Caetano não era o músico que animava as nossas contestações mais ferozes, embora, algumas vezes, fosse útil para os dias de paquera nas amenidades do centro acadêmico, quando todas aquelas garotas bonitas e de pernas bem-feitas apareciam, depois das aulas, carregando livros, cadernos e com uma bolsa escorregando do ombro, sorrindo e conversando alto, como se fossem as cinderelas da estação.
As que frequentavam com regularidade o centro não bancavam as difíceis, apesar de uma ou outra, para não fugir à regra, dizer:
“Corta essa, bicho!”, caso a abordagem fosse sem imaginação, despropositada e eivada de clichês.
Essas eram as bravas – elas só defendiam o charme das virgens intocáveis. Para falar a verdade, frescas mesmas eram as que não participavam de nada, tinham jeito de normalistas encalhadas e ficavam na porta do prédio esperando o carro da família buscá-las.
Eu preferia as mulheres – por que não dizer logo? – corajosas, supercabeças e insubmissas e, na maior parte das vezes, bonitas. Além disso, achava que nunca mais as veria na semana seguinte: naquela época, as pessoas tinham a estranha mania de desaparecer involuntariamente de um dia para o outro.
Na faculdade, após as aulas, se não havia reunião política, redação de panfletos e preparação de faixas com frases contra a ditadura, nós íamos para o centro acadêmico ouvir música, conversar e fumar. E, é claro, havia essa canção de Caetano, derramada e entrecortada de ritmos.
Essa música sempre fora uma boa isca, dependendo, é claro, da garota, apesar de eu ter outras preferências, como todas as músicas de Chico Buarque, que soube compor uma canção inesquecível para diversos momentos da minha vida.
Foi para Cristina que respondi então a pergunta, uma estudante de Letras. No instante em que ela colocou certeiramente a agulha no sulco do disco, fiquei impressionado: as mulheres dessa área tinham mais coordenação do que as de Ciências Sociais e História, não obstante estas fossem muito astutas em tantos assuntos e bem informadas. Bom, pra encerrar o lero, essa observação boba é só um rascunho.
Pela primeira vez, na minha convivência no centro, uma garota acertou o sulco de primeira. Ela tinha ainda a seu favor o fato de que todas as faixas do disco eram bastante gastas – umas mais, outras menos.
Cristina era uma burguesinha que nutria a esperança de encontrar um bom partido no curso de Medicina, Engenharia ou, na pior das hipóteses, no de Humanas. Ter lido o Manifesto comunista e correr da polícia nas passeatas não a tornavam uma revolucionária; pelo contrário, ela apenas surfava na onda das contestações, pois pertencia a uma família poderosa cujo pai era senador.

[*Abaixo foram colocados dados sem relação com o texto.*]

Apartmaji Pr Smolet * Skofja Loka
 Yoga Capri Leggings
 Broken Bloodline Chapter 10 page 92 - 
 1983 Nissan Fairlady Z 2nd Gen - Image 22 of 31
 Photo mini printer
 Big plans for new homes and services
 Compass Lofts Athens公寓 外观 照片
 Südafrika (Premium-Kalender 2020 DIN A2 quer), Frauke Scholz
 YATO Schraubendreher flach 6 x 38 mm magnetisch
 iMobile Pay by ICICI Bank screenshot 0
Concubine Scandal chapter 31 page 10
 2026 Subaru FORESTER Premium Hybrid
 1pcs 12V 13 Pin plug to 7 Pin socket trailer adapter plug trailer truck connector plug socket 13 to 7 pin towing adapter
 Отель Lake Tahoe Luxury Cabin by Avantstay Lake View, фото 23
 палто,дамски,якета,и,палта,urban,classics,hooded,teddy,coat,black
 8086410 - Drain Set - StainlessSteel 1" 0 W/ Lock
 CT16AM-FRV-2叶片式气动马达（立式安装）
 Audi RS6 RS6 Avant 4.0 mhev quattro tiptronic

Distraidamente, quando cruzava as pernas, eu via a cor de sua calcinha, mas sabia que esse movimento não tinha intenção sedutora. Ela o fazia só para se posicionar melhor na poltrona, porém servia para os meus olhos se nutrirem de fantasias – esse breve deslumbramento que perturba os hormônios.
Frequentar o centro acadêmico, discutir marxismo e maoismo, ouvir MPB e participar de ações temerárias de rua contra a ditadura davam-nos a ilusão de que o Brasil, dentro de pouco tempo, ficaria livre dos militares, da tirania, da censura, do medo da prisão e da tortura.
Para confirmar a minha escolha, perguntou de novo:
“Você disse ‘Clarice’?”
Eu sorri para ela – e confirmei balançando a cabeça.
De repente, num gesto elegante, a bela mulher abaixou o volume e fez-me outra pergunta – a melhor surpresa daquele fim de manhã:
“Em qual revolução você acredita?” – e, maliciosa, piscou o olho direito, como se quisesse me encabular mais uma vez.